------ DATASET CONTENT

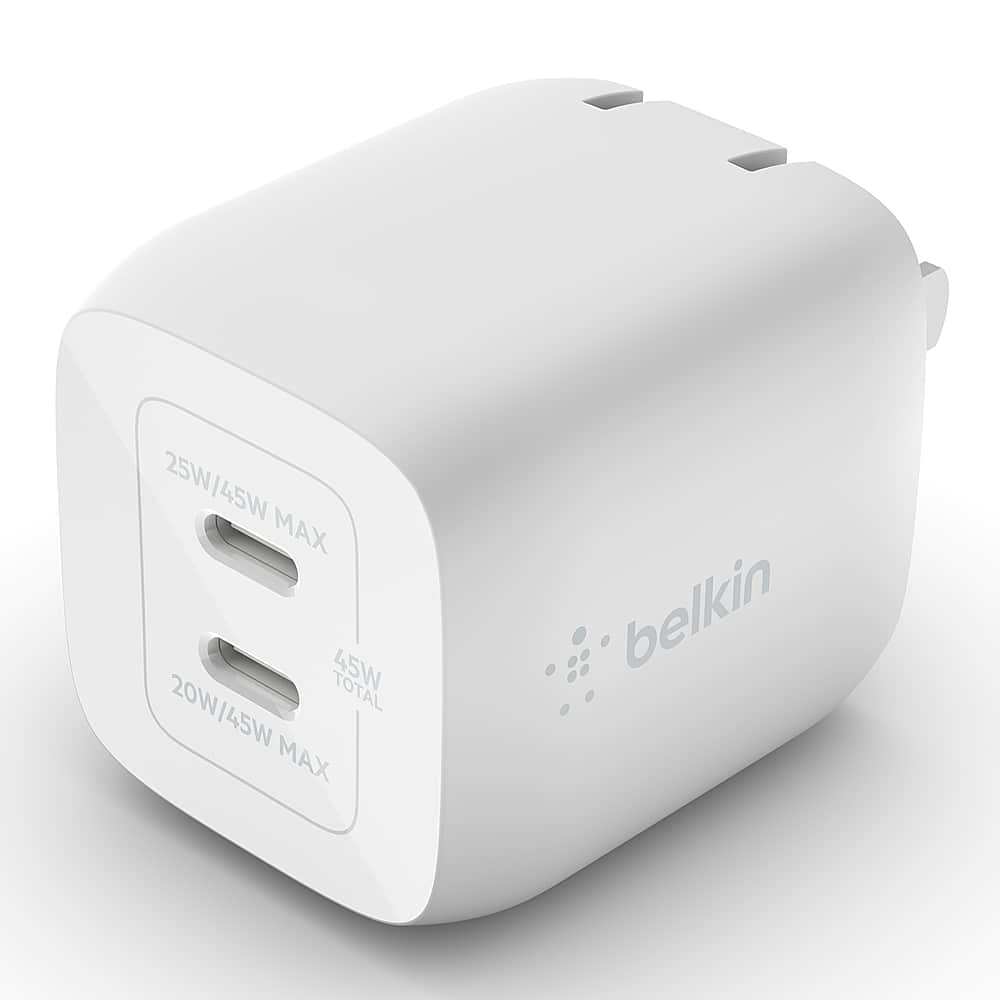 Alt View 12. Belkin - 45W Dual USB-C Wall Charger, Fast Charging Power Delivery 3.0 with GaN Technology for Apple iPhone and Samsung - White.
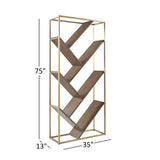 Cortez Gold and Walnut Finish Angular Modern Bookshelf by iNSPIRE Q Bold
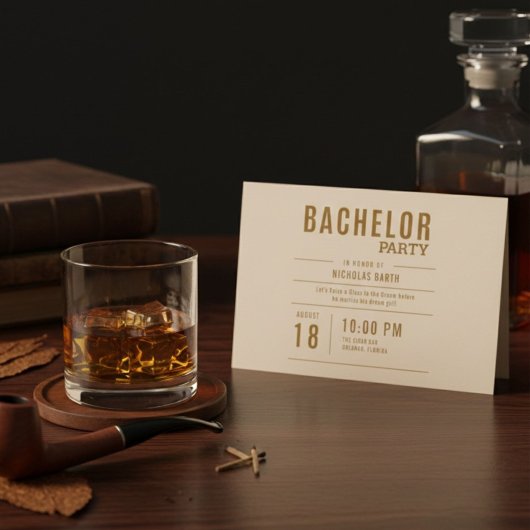 Whiskey & Cigar Groom Bachelor Party Invite 招待状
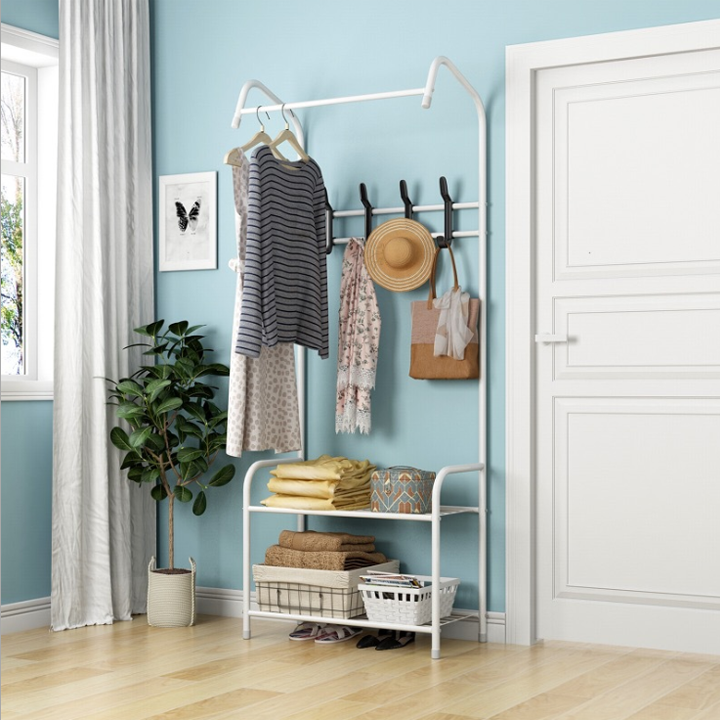 Kệ giày dép kiêm giá treo quần áo 2 tầng tiện lợi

------------

### EXERCISE INSTRUCTIONS
Word for word, output the whole listing, but not its pictures.

### WRITTEN ANSWER
 Alt View 12. Belkin - 45W Dual USB-C Wall Charger, Fast Charging Power Delivery 3.0 with GaN Technology for Apple iPhone and Samsung - White.
 Cortez Gold and Walnut Finish Angular Modern Bookshelf by iNSPIRE Q Bold
 Whiskey & Cigar Groom Bachelor Party Invite 招待状
 Kệ giày dép kiêm giá treo quần áo 2 tầng tiện lợi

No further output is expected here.